Last time, we covered the first part of a three-pronged approach to improving the retention of your best employees. HR consultancy Drake Beam Morin advises us to make improvements to our selection and orientation, training and career management, and motivation and compensation skills in order to keep high performers from jumping ship. This week, we look at the firm's advice on bettering our training and career management, and motivation and compensation approaches.
Training and career management:
* Invest in your employees' careers, and they will invest in you. You can design an elaborate, in-house "university" to support employee training, or simply OK the courses they want to take off-site. Either way, if you show you care about their career growth, employees' job satisfaction should rise. Just think about it: Don't you care more about people who care about you than those who don't? Some managers get concerned that the more their employee learns, the more likely the person is to bolt for another job. That's not necessarily true, as many employees feel a sense of loyalty and commitment to the organization that has committed to them. Yet showing no interest in an employee's career path will only make them move toward the door quicker.
* Hold managers responsible for their employees' development.
No one will embrace an idea like the person who's being rated on it. If part of your performance evaluation includes how you encourage and promote employee training, of course you're going to work at it more. Plus, it gives you even more incentive to encourage development, as opposed to having good intentions, but never getting around to them.
* Set training goals. Review time is a natural time to meet with your employee, jointly decide what skill gaps exist, and determine a method and time period for filling them. However, the decisions made must be joint and agreeable to both parties.
Without employee buy-in, it's not career development, it's a demand.

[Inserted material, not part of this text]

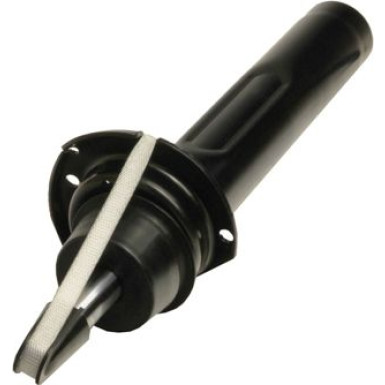 Maxgear Stoßdämpfer 11-0827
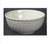 Stone Harbor Round Soup Cereal Bowl - Midwinter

* Offer a variety of training. From boot camps to study-at- home, offer different methods for your employees to train.
Motivation and compensation:
* Communication is key. The importance of excellent communication pops up a lot in these newsletters, and it's no accident. A 1998 retention study of 3,400 people found that most people left their jobs not because they wanted to make more money, but because they wanted better communication.
* Informal surveys will show you what your employees value most. Either ask them in person, or send out an e-mail listing recognition or compensation options. Rewards that are customized to the employee mean more. For example, if you know an employee loves to garden, a gift certificate from a local garden center will have a much greater impact than a simple check.
* Nonmonetary rewards such as flex time, working at home or plum assignments can mean more than a check.
* Recognize your employees informally, personally and often.
High-performers take great pride in their work, and a sincere "thank you" goes a long way.